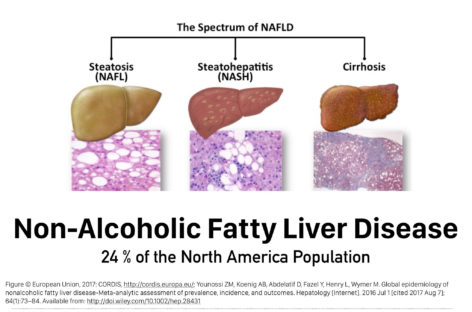 Studiu: Bacteriile intestinale producătoare de alcool ar putea provoca leziuni ale ficatului chiar şi la persoanele care nu beau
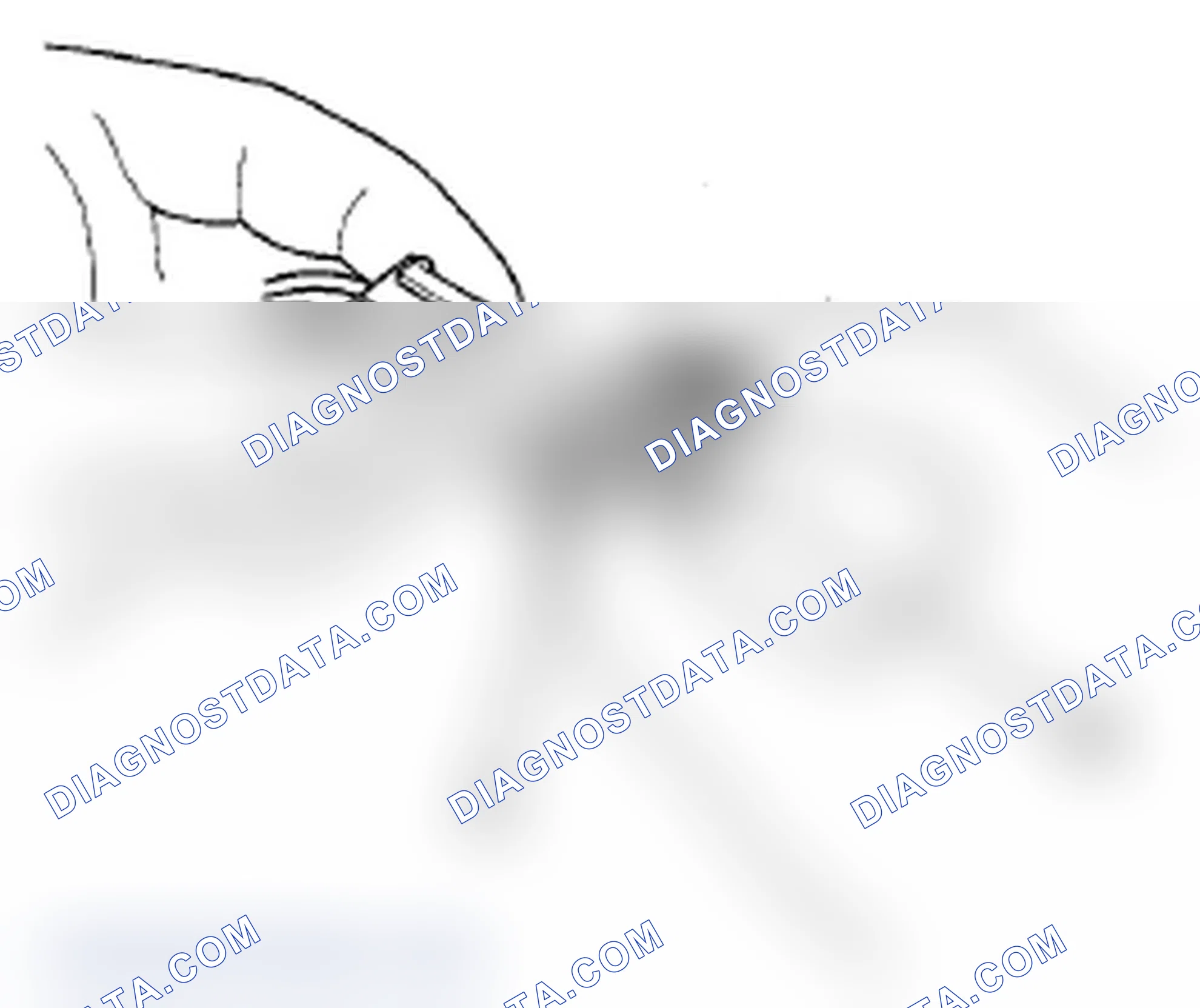 Scheme 20: Disconnecting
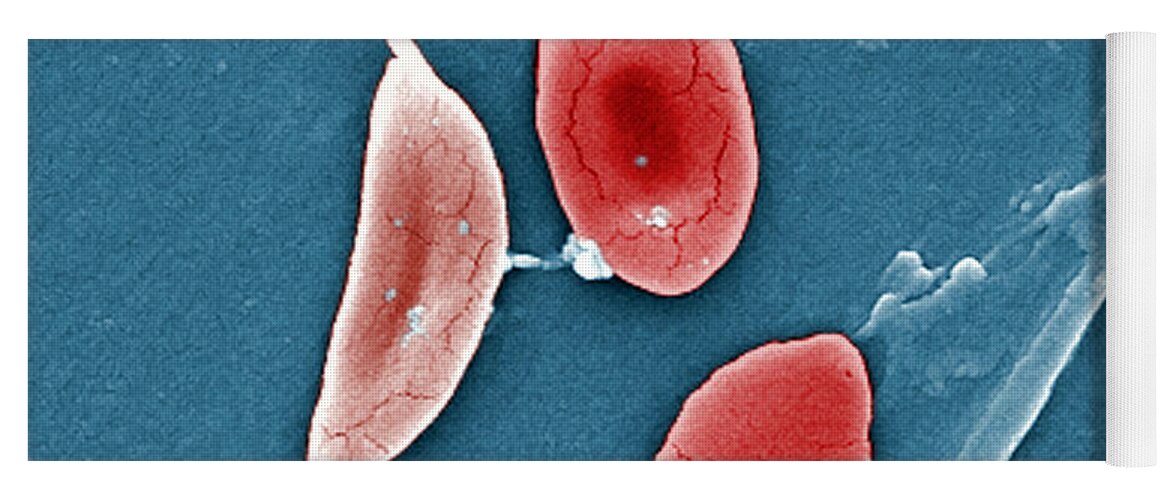 Science Yoga Mat featuring the photograph Sickle Cell Anemia, Human Rbcs, Sem #2 by Science Source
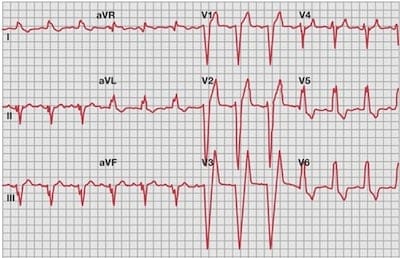 EKG_LBBB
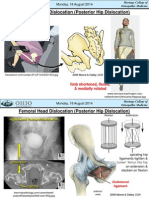 Femoral Head Dislocation (Posterior Hip Dislocation) : Monday, 18 August 2014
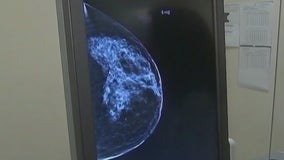 Austin doctor speaks on importance of mammograms during Breast Cancer Awareness Month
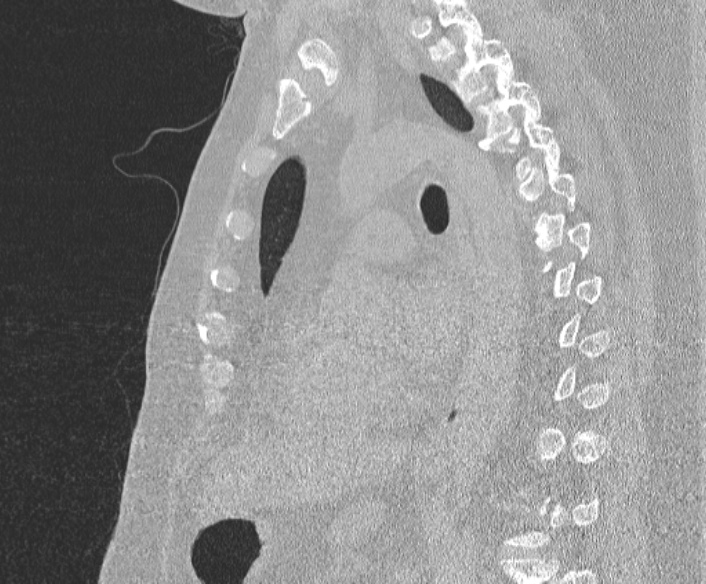 Adenoid cystic carcinoma of the trachea (Radiopaedia 49042-54137 Sagittal lung window 262).jpg
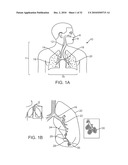 Cross-Sectional Modification During Deployment of an Elongate Lung Volume Reduction Device diagram and image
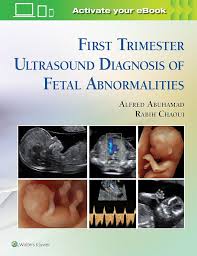 Image result for First Trimester Ultrasound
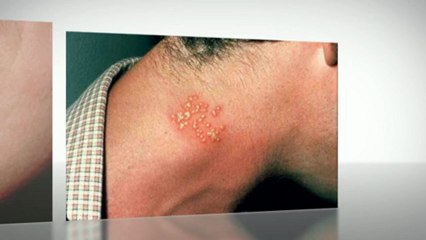 HERPES SYMPTOMS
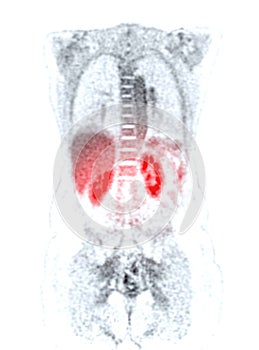 A PET-CT scan image is a diagnostic visualization combining Positron Emission Tomography (PET) and Computed Tomography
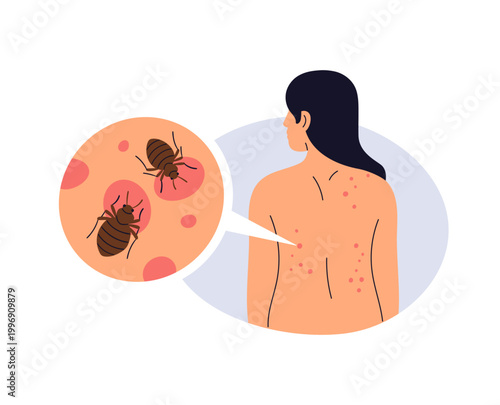 Bedbug bite on skin. Red spots, rash, irritation reaction on human body, back. Cimex insect, parasite. Redness, allergy marks from bed bugs. Flat vector illustration isolated on white background
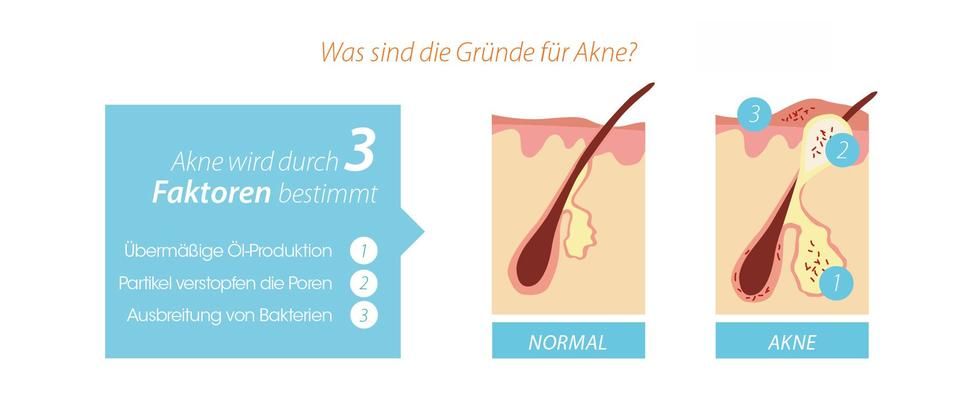 Akne - Informationenblatt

+ + + + + + +

* **WHAT YOU WILL DO**: Would you transcribe the lines above exactly, going from the line bearing "Cross-Sectional Modification During" through the line bearing "HERPES SYMPTOMS", and drop the pictures from the copy?

* **RESULT OF THIS EXERCISE**:
 Cross-Sectional Modification During Deployment of an Elongate Lung Volume Reduction Device diagram and image
 Image result for First Trimester Ultrasound
 HERPES SYMPTOMS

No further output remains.